I found Felix von Leitner's presentation very enlightening on the subject. I recommend you read it. Summary: Modern compilers are VERY clever, so hand optimizations are almost never effective.
As far as I understand it, modern compilers already unroll loops where appropriate - an example being gcc, if passed the optimisation flags it the manual says it will:
Unroll loops whose number of
iterations can be determined at
compile time or upon entry to the
loop.
So, in practice it's likely that your compiler will do the trivial cases for you. It's up to you therefore to make sure that as many as possible of your loops are easy for the compiler to determine how many iterations will be needed.
Loop unrolling, whether it's hand unrolling or compiler unrolling, can often be counter-productive, particularly with more recent x86 CPUs (Core 2, Core i7). Bottom line: benchmark your code with and without loop unrolling on whatever CPUs you plan to deploy this code on.
Trying without knowing is not the way to do it.
Does this sort take a high percentage of overall time?
All loop unrolling does is reduce the loop overhead of incrementing/decrementing, comparing for the stop condition, and jumping.

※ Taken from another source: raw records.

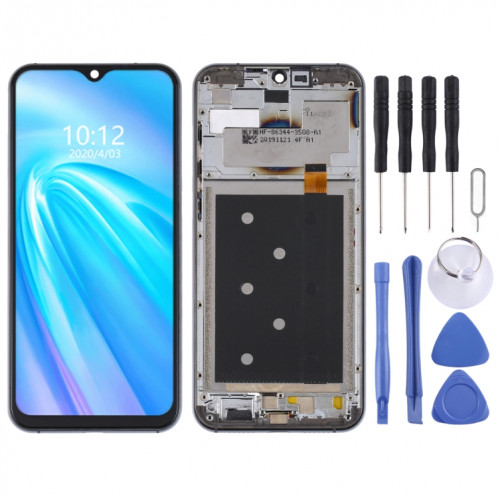 Écran LCD d'origine pour Cubot X20 avec assemblage complet du numériseur SH49051673-05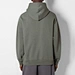 fleece hoodie logo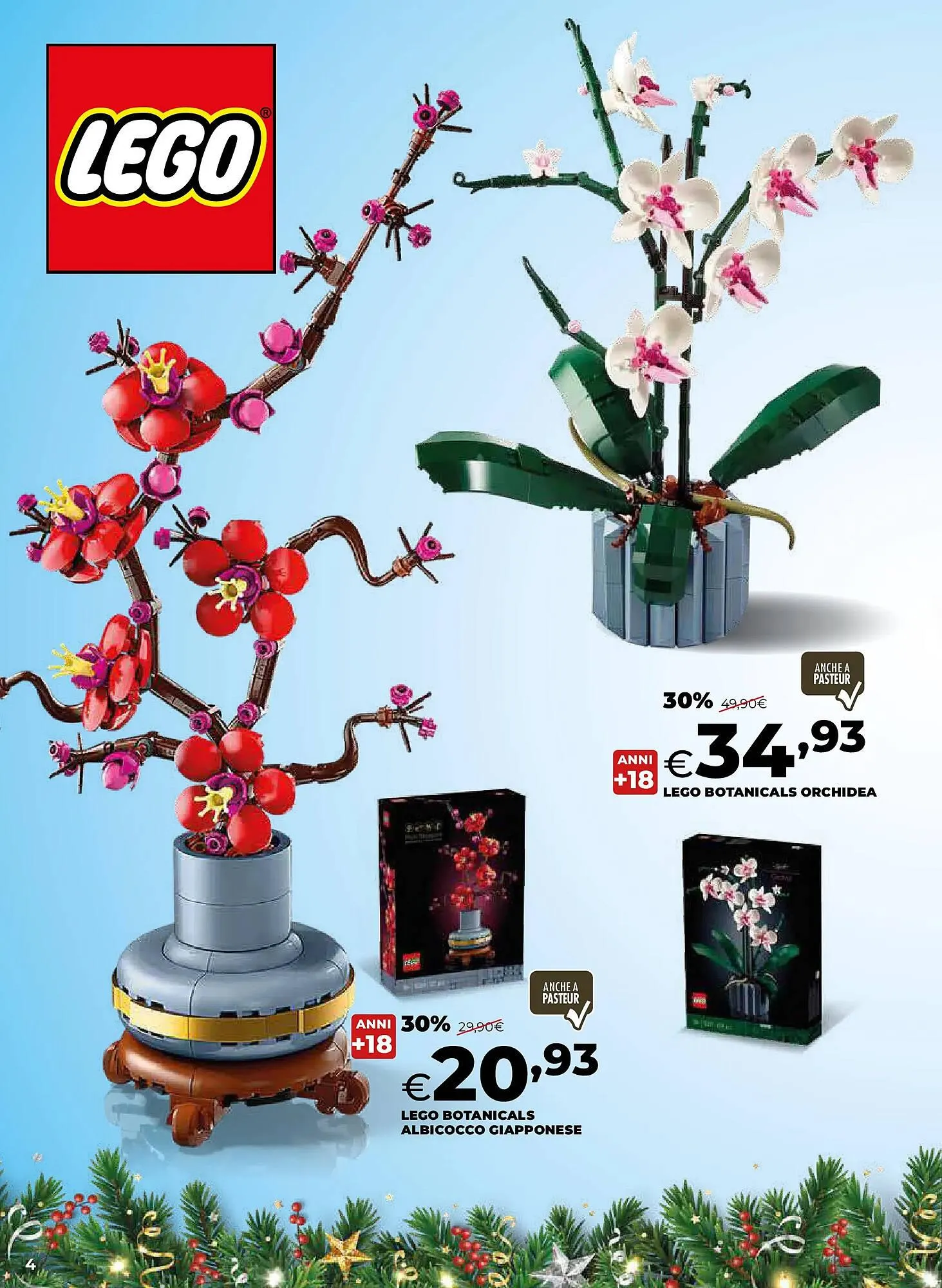 Volantino Ipercoop da 19 novembre a 24 dicembre di 2025 - Pagina del volantino 4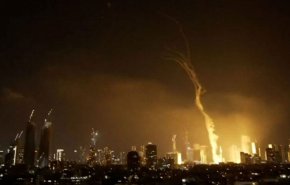 ۴ کشته؛ آمار اولیه اعلامی از تلفات حمله جدید موشکی ایران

If what you're doing in the loop takes more instruction cycles than the loop overhead itself, you're not going to see much improvement percentage-wise.
Here's an example of how to get maximum performance.
Loop unrolling can be helpful in specific cases. The only gain isn't skipping some tests!
It can for instance allow scalar replacement, efficient insertion of software prefetching... You would be surprised actually how useful it can be (you can easily get 10% speedup on most loops even with -O3) by aggressively unrolling.
As it was said before though, it depends a lot on the loop and the compiler and experiment is necessary. It's hard to make a rule (or the compiler heuristic for unrolling would be perfect)
Loop unrolling entirely depends on your problem size. It is entirely dependent on your algorithm being able to reduce the size into smaller groups of work. What you did above does not look like that. I am not sure if a monte carlo simulation can even be unrolled.
I good scenario for loop unrolling would be rotating an image. Since you could rotate separate groups of work. To get this to work you would have to reduce the number of iterations.
Loop unrolling is still useful if there are a lot of local variables both in and with the loop. To reuse those registers more instead of saving one for the loop index.
In your example, you use small amount of local variables, not overusing the registers.
Comparison (to loop end) are also a major drawback if the comparison is heavy (i.e non-test instruction), especially if it depends on an external function.
Loop unrolling helps increasing the CPU's awareness for branch prediction as well, but those occur anyway.